ITU’s “federal” structure — made up of the General Secretariat, the Radiocommunication Sector, the Telecommunication Standardization Sector and the Telecommunication Development Sector — requires collaboration and team spirit. What do you view as the fundamental components of successful teamwork?

Veena Rawat: The fundamental components of teamwork are establishing clear goals, principled leadership and buy-in from team members. Within ITU, this teamwork will be crucially dependant on building relationships among the three Bureaux heads and with the General Secretariat. Fostering this cooperative spirit will require making time for each other and having an agreed-upon framework for both formal and informal discussions.

As lines of business and demarcation become more blurred through the rapid pace of changes in the marketplace, there will be a continuing need to adjust how we collaborate. Trust and confidence will be indispensable attributes to achieve our common goals.

Question 7

It is often said that good people are the backbone of any high-performing business activity or organization. What is your message to staff with whom you will work to implement the strategic plan and goals that will be approved by the Plenipotentiary Conference for the period 2012–2015, within the budget that will also be decided by this conference for the same years?

Veena Rawat: My message to staff will relate to the following for the success of ITU.

I am a firm believer in open and clear communications, mutual respect and helping staff to understand the value of teamwork and how their work contributes to the success of ITU.

  "I want to ensure that the staff continues to have the required skills and motivation to meet stakeholder expectations and deliver on activities aligned with the strategic plan."

ITU’s success in managing spectrum and orbital resources and stakeholders’ expectations over the coming years will depend on a clear understanding of the objectives and expected results of the strategic plan, the goals and challenges of each ITU Sector, and how these Sectors interact. This includes identifying opportunities for constructive partnerships, coordinated activities and collaboration among players within and outside ITU. It will also require staying abreast of the rapid and complex changes occurring in technologies, networks, services and convergence.

I would listen to staff views and needs and will do my part to help them to understand their respective roles and responsibilities, and their accountability to deliver on time and within budget.


Dr Veena Rawat is President of the Communications Research Centre, Canada’s largest public sector ICT research and commercialization institution (400 staff and an annual budget of 50 million Canadian dollars). She oversees Canada’s participation in numerous bilateral and multilateral ICT research partnerships.

Dr Rawat immigrated to Canada from India. She was the first woman to graduate with a PhD in electrical engineering from Queen’s University, Canada. During her 35 years of work experience, she managed major programmes in spectrum/telecommunication planning, engineering and regulations development for terrestrial and space services. She has been at the centre of major policy and regulatory decisions to bring new communication services to domestic and international levels, and in strengthening linkages with national and international organizations.

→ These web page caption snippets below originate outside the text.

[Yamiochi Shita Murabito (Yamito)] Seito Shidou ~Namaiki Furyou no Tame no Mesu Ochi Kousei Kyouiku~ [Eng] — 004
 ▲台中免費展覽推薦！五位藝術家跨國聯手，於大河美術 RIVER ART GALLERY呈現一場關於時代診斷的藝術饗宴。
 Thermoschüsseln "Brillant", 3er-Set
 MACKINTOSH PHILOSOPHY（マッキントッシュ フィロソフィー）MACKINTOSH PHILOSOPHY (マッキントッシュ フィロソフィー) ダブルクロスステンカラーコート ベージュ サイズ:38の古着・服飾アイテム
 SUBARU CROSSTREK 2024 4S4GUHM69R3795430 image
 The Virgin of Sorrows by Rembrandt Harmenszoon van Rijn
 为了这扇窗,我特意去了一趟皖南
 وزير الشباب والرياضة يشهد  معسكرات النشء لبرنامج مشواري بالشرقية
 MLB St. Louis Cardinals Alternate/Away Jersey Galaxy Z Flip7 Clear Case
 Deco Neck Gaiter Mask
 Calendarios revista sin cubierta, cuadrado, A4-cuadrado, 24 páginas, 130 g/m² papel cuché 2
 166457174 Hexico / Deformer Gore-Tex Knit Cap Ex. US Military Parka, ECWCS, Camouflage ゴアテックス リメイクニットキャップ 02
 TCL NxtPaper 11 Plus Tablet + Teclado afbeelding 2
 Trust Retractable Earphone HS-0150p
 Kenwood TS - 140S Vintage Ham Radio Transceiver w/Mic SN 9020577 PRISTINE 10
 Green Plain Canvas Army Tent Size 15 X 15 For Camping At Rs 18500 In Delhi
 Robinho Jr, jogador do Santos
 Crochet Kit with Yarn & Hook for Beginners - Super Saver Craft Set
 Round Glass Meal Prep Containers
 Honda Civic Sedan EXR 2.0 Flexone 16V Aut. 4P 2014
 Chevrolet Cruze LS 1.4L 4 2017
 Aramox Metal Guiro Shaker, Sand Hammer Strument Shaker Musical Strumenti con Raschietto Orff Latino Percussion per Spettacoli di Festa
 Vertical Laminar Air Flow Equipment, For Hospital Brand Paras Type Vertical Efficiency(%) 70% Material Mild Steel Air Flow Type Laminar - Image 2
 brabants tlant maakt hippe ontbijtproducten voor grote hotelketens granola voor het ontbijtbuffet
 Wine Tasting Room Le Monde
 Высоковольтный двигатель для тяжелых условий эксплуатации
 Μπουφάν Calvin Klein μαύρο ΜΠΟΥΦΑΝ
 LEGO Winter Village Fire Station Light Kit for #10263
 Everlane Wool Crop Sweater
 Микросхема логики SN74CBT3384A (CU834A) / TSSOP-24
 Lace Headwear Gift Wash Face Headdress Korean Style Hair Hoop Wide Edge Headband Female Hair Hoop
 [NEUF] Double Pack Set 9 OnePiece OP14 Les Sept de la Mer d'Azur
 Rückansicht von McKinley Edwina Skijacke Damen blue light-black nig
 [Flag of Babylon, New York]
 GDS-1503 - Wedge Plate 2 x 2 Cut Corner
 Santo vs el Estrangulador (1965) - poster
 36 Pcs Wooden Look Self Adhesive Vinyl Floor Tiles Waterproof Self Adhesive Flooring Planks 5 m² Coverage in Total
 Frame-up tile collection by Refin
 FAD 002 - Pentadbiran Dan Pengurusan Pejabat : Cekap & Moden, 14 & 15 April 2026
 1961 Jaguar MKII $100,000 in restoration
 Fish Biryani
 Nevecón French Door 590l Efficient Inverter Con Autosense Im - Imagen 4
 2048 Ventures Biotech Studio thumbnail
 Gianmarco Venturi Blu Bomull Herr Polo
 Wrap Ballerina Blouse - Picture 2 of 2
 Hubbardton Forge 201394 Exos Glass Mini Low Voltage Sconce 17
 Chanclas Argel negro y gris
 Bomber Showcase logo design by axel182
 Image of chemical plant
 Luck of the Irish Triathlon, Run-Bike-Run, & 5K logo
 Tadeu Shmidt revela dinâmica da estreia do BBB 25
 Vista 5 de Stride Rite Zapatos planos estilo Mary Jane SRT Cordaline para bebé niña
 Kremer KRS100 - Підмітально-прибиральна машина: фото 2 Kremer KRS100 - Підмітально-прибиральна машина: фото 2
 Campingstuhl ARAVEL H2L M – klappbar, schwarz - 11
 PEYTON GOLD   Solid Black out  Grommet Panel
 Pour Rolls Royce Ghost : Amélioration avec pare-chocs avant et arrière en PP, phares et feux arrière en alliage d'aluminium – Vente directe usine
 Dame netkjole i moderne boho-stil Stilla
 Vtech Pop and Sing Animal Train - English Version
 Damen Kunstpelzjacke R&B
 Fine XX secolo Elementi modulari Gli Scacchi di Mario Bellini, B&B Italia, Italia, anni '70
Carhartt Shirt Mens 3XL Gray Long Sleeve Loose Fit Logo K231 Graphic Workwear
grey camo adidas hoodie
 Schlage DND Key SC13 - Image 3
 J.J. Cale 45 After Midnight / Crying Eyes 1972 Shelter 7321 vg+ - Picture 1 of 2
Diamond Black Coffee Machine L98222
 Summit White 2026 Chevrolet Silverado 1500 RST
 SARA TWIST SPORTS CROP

She has led many delegations and negotiations at ITU–R and other international forums. She currently chairs the ITU study group for satellite services. In 2003, she chaired the World Radiocommunication Conference (WRC-03) for which she was awarded an ITU Gold medal.

An internationally recognized expert in spectrum management and ICT technologies, Dr Rawat has been a keynote and invited speaker at over 100 domestic and international events since 1995. She has received many honours, including the Canadian Woman of the Year in Communications in 2004.